- Material supplied:
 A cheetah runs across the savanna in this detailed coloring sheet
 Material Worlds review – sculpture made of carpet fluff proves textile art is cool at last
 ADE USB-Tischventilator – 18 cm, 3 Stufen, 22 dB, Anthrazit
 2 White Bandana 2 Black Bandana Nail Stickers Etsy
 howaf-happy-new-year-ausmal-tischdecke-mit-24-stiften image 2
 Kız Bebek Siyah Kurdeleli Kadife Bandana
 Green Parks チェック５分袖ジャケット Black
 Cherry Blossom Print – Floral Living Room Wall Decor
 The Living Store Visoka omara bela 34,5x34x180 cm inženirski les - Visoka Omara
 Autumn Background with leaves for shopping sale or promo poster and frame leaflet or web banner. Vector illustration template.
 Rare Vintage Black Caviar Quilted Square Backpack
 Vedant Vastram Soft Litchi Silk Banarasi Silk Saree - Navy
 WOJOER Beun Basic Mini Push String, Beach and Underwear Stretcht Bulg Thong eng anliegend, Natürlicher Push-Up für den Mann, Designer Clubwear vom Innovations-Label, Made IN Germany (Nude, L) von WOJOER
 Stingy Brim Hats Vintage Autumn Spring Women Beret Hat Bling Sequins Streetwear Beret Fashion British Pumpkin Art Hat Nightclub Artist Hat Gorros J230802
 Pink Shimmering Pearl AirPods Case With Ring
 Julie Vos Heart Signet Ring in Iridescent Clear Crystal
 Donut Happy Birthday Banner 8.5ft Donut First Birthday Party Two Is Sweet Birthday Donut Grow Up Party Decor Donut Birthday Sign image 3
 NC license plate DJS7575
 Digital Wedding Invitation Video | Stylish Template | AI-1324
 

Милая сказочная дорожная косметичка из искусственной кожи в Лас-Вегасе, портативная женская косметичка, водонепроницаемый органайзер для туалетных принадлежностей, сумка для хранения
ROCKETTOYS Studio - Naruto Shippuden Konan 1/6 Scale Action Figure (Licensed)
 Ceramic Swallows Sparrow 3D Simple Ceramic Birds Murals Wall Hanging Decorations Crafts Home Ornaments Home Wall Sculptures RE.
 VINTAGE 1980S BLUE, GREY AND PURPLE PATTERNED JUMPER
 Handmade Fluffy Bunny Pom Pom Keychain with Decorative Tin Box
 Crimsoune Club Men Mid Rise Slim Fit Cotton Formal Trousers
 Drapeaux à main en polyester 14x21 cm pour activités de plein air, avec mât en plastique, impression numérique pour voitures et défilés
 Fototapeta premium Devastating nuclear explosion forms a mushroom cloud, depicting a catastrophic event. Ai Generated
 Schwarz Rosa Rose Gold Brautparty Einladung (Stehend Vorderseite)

- Problem description: In the records, which lines use the word "Living"? Report them.

- Response box:
 Cherry Blossom Print – Floral Living Room Wall Decor
 The Living Store Visoka omara bela 34,5x34x180 cm inženirski les - Visoka Omara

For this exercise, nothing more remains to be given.